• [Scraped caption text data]
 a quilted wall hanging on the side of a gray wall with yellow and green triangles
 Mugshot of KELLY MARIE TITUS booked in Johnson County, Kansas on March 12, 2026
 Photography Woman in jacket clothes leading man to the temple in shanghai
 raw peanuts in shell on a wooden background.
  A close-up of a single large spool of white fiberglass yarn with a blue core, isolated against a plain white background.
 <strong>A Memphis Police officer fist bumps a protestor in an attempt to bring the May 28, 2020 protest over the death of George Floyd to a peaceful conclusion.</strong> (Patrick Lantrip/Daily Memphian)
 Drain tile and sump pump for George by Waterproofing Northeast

---

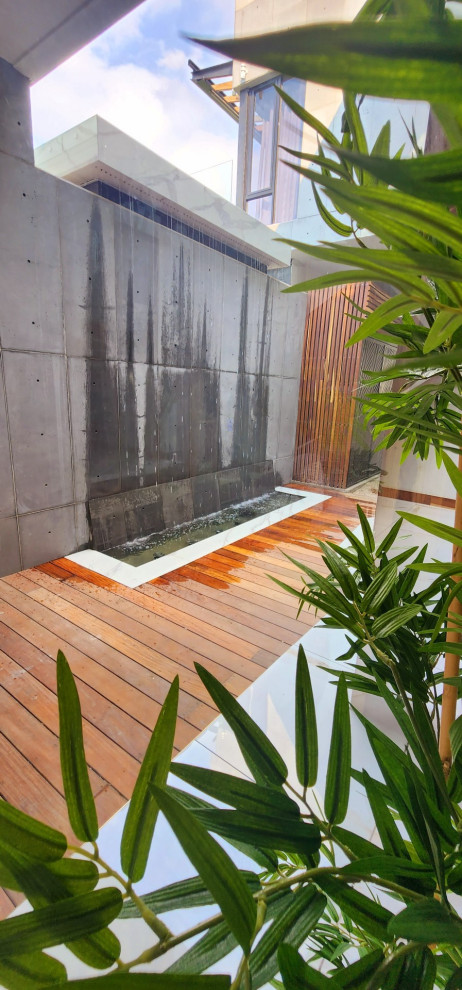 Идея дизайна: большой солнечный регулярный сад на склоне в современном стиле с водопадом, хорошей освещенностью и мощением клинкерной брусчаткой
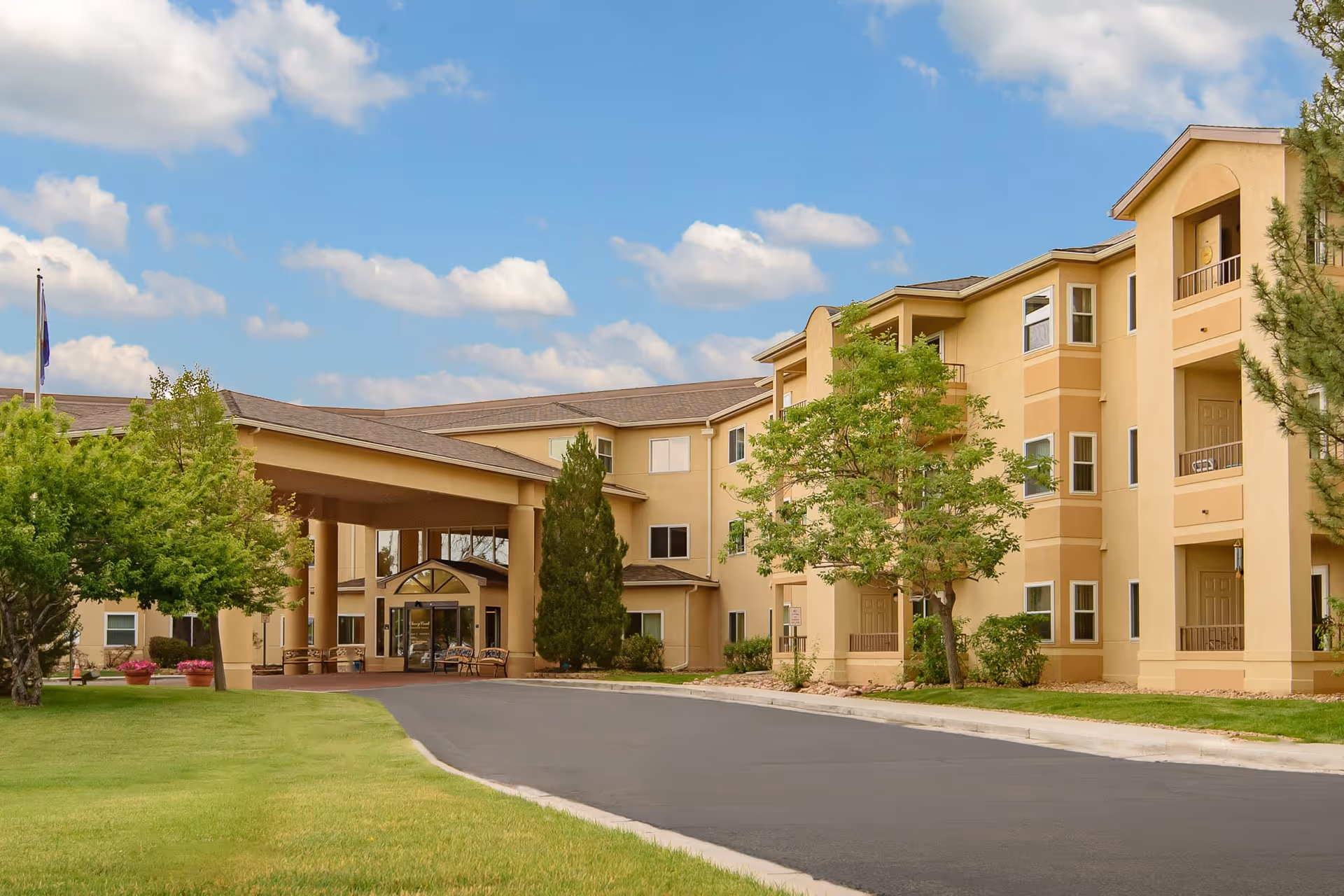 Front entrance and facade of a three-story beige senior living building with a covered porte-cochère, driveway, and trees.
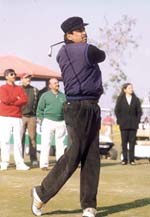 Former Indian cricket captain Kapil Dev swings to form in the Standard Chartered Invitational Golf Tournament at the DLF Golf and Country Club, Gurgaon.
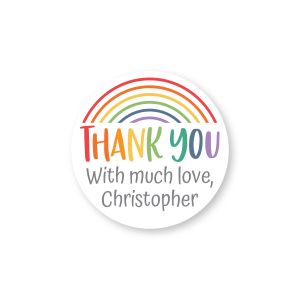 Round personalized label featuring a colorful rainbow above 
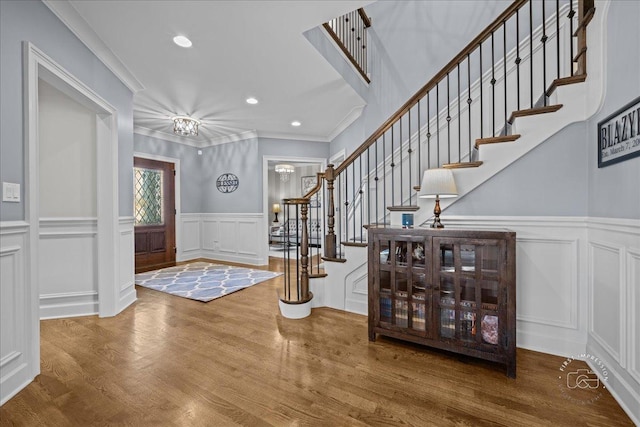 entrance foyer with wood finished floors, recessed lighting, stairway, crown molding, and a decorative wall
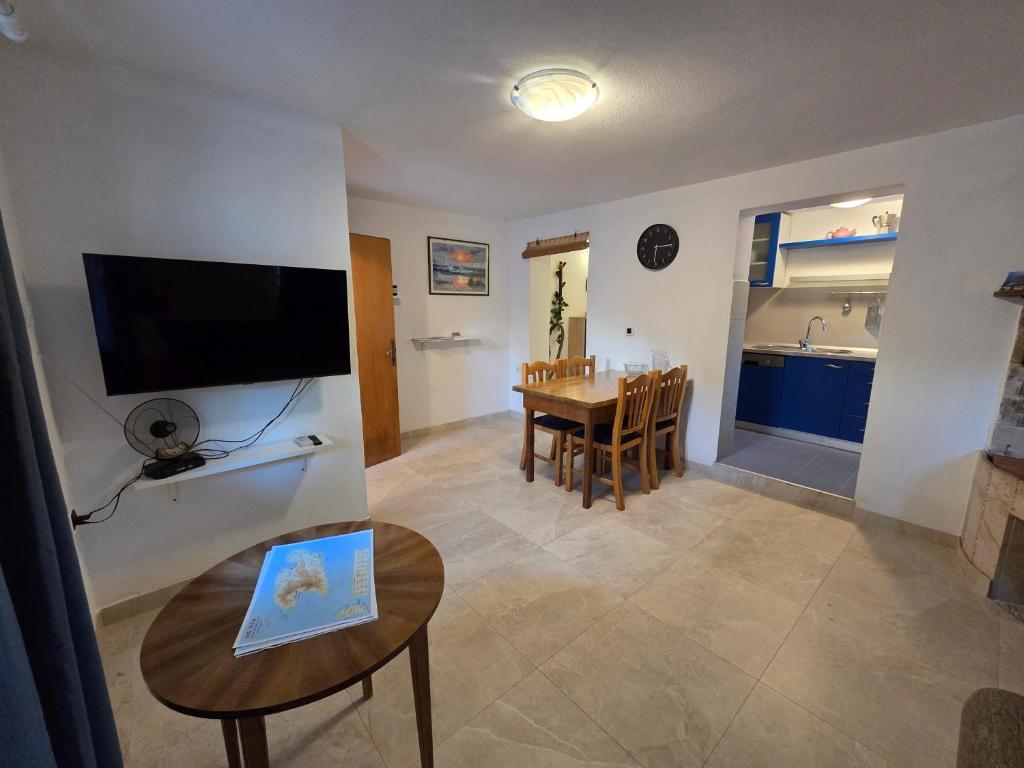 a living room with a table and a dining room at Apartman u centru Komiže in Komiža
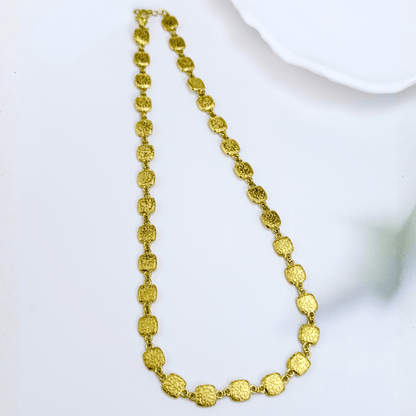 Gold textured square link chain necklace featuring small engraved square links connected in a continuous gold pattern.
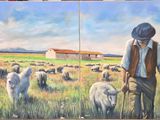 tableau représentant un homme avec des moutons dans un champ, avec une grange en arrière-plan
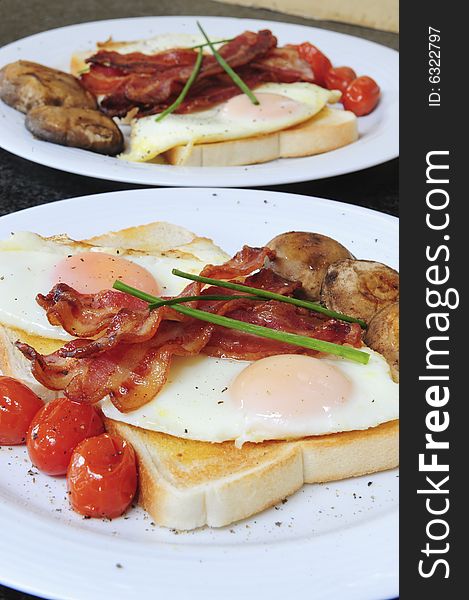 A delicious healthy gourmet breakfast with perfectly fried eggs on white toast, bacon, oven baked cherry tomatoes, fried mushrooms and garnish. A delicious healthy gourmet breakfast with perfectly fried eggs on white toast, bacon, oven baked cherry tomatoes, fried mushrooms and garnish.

* * *

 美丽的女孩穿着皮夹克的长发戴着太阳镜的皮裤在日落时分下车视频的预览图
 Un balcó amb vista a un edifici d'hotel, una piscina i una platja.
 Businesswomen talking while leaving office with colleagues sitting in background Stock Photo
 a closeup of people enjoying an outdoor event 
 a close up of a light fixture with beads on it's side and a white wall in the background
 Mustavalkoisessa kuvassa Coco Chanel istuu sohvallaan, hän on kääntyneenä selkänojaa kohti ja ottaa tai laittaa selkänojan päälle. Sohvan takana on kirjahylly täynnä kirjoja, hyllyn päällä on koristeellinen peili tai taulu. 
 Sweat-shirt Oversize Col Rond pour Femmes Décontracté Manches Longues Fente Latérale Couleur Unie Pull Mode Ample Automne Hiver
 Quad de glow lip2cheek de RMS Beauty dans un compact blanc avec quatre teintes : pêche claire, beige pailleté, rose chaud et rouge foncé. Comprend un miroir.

• [GOAL OF THE EXERCISE]
In the entries above, find each line with the word "side" and show it.

• [RESPONSE]
 a quilted wall hanging on the side of a gray wall with yellow and green triangles
 a close up of a light fixture with beads on it's side and a white wall in the background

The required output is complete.